## ASSIGNED TASK:
In the copy, include all of the listing exactly and none of its pictures.

*** RECORD EXTRACTS ***

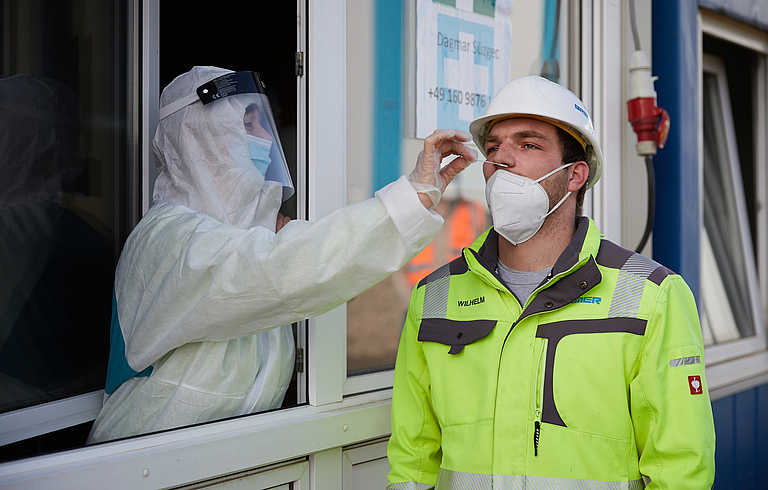 Corona-Test auf einer Baustelle im Logistikzentrum Lich.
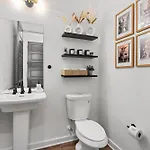 Charmer - Private Rooftop - Sleeps 14
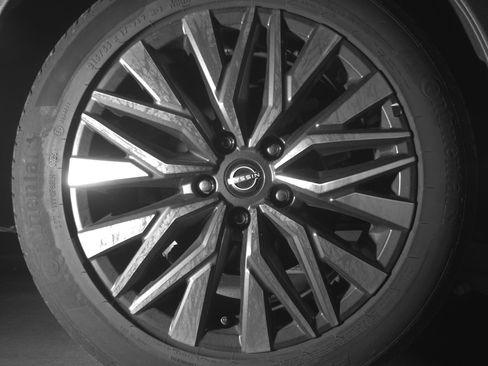 Used 2025 Nissan Altima 2.5 SV FWD image 15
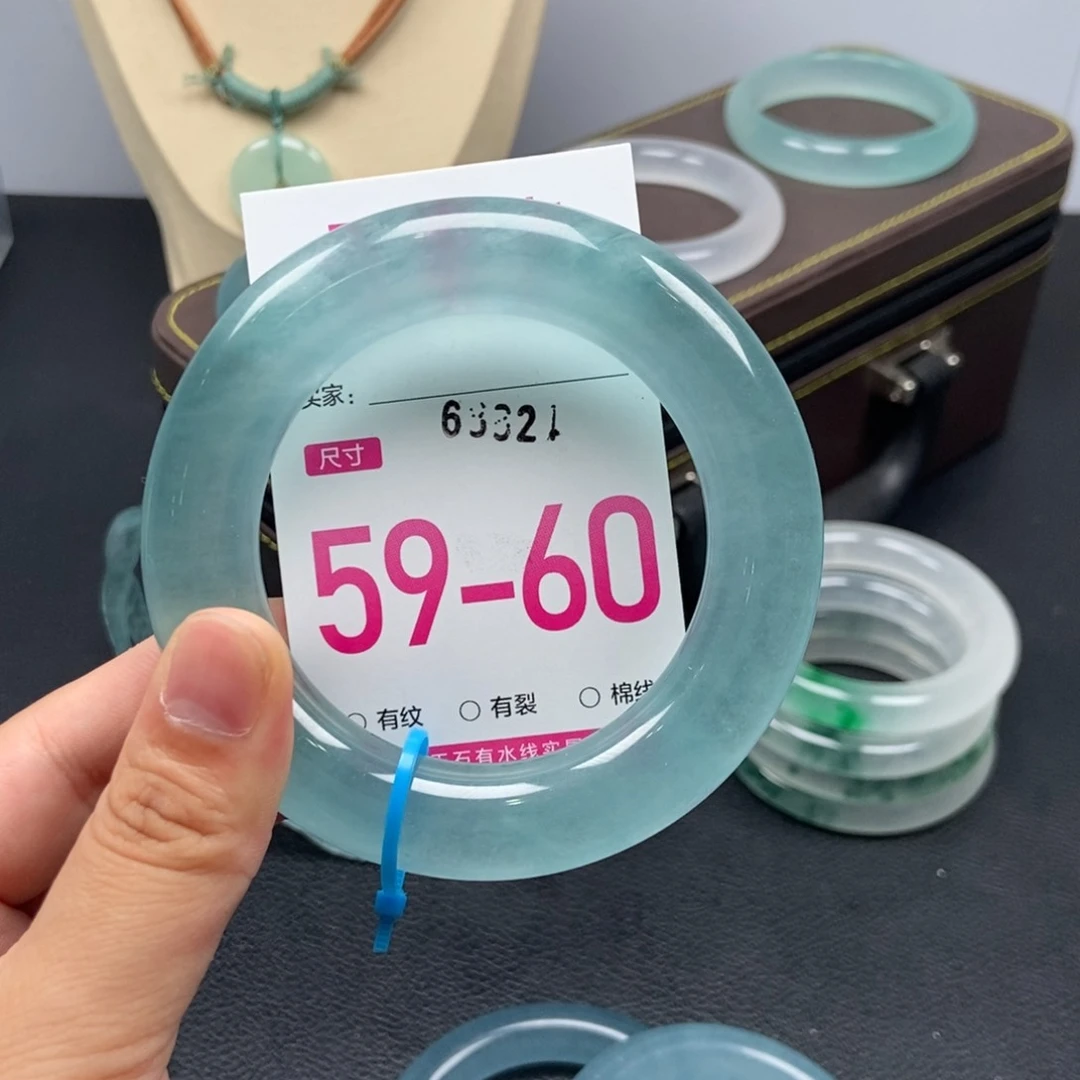 未镶嵌手镯石英质玉棉*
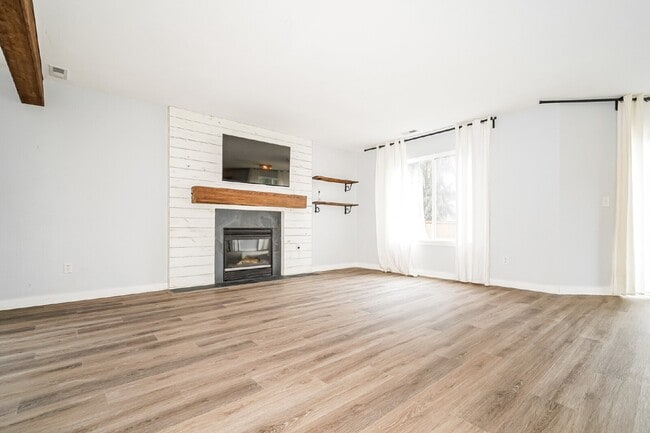 Building Photo - Updated 4 bedroom home in Devonshire neighborhood!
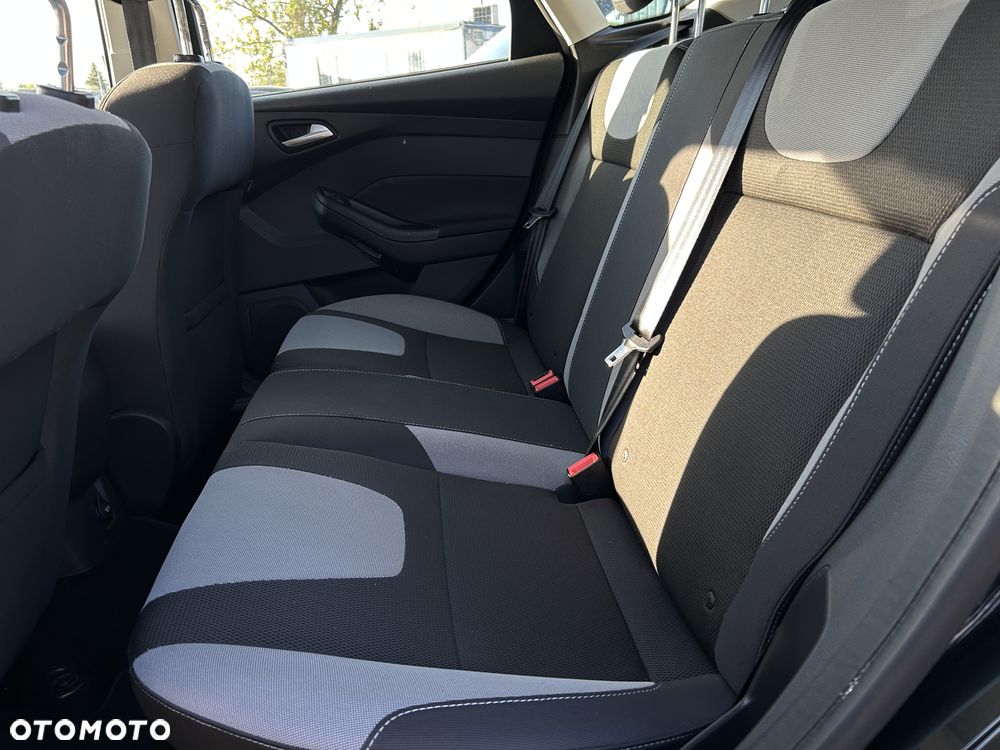 Ford Focus 1.6 EcoBoost Start-Stopp-System Champions Edition - 17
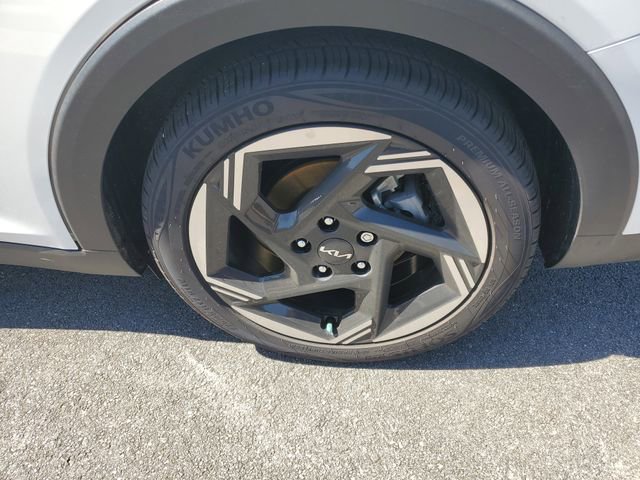 Certified 2025 Kia K4 EX image 10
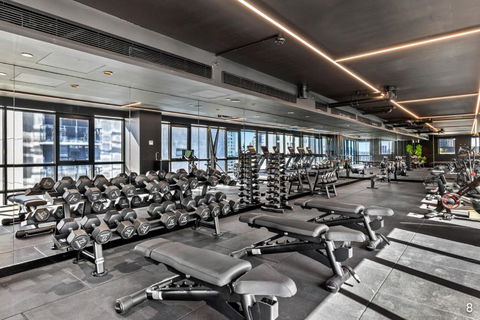NEW Chic Stature Southbank 2 Bd - Rental Cars 1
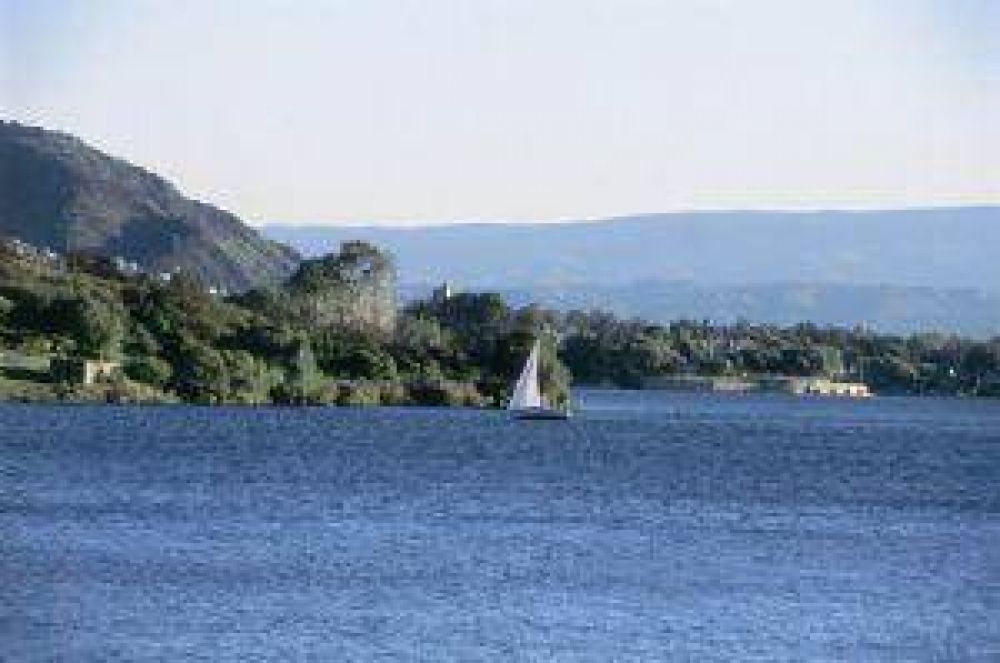 El nivel del lago San Roque garantiza el agua en Carlos Paz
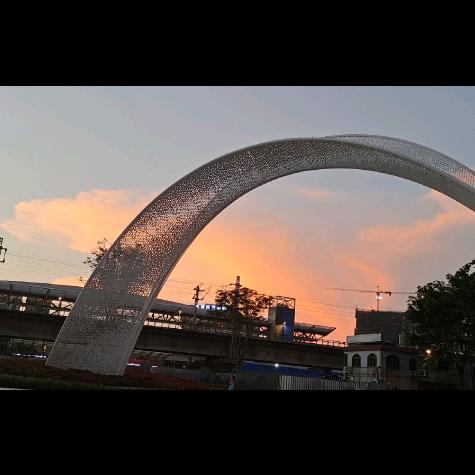 三个大学生的妈妈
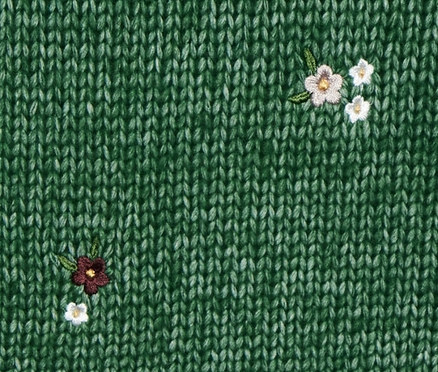 Zielony sweter o grubym splocie z dekoltem w serek i kwiatowymi detalami.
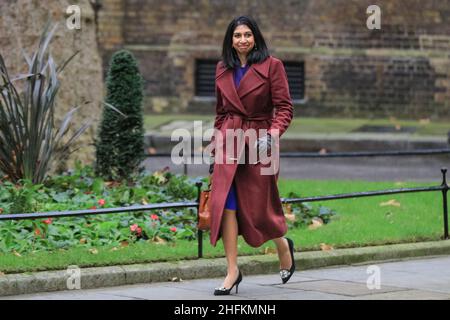 Suella Braverman QC MP, procuratore generale, politico del Partito conservatore britannico, sorride a Downing Street, Londra Foto Stock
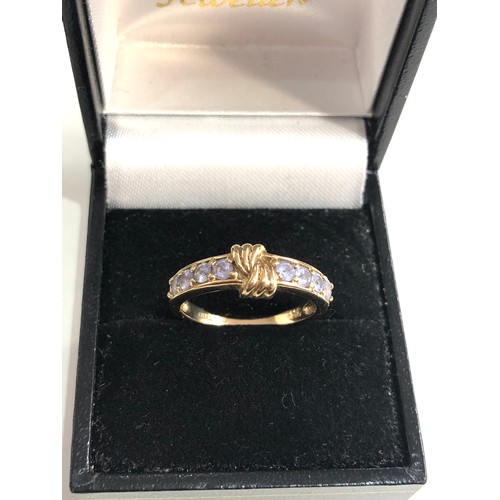 154 - 9ct gold stone set dress ring weight 2.7g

*** End of RECORD EXTRACTS ***

## RESPONSE AREA:
 Corona-Test auf einer Baustelle im Logistikzentrum Lich.
 Charmer - Private Rooftop - Sleeps 14
 Used 2025 Nissan Altima 2.5 SV FWD image 15
 未镶嵌手镯石英质玉棉*
 Building Photo - Updated 4 bedroom home in Devonshire neighborhood!
 Ford Focus 1.6 EcoBoost Start-Stopp-System Champions Edition - 17
 Certified 2025 Kia K4 EX image 10
NEW Chic Stature Southbank 2 Bd - Rental Cars 1
 El nivel del lago San Roque garantiza el agua en Carlos Paz
 三个大学生的妈妈
 Zielony sweter o grubym splocie z dekoltem w serek i kwiatowymi detalami.
 Suella Braverman QC MP, procuratore generale, politico del Partito conservatore britannico, sorride a Downing Street, Londra Foto Stock
 154 - 9ct gold stone set dress ring weight 2.7g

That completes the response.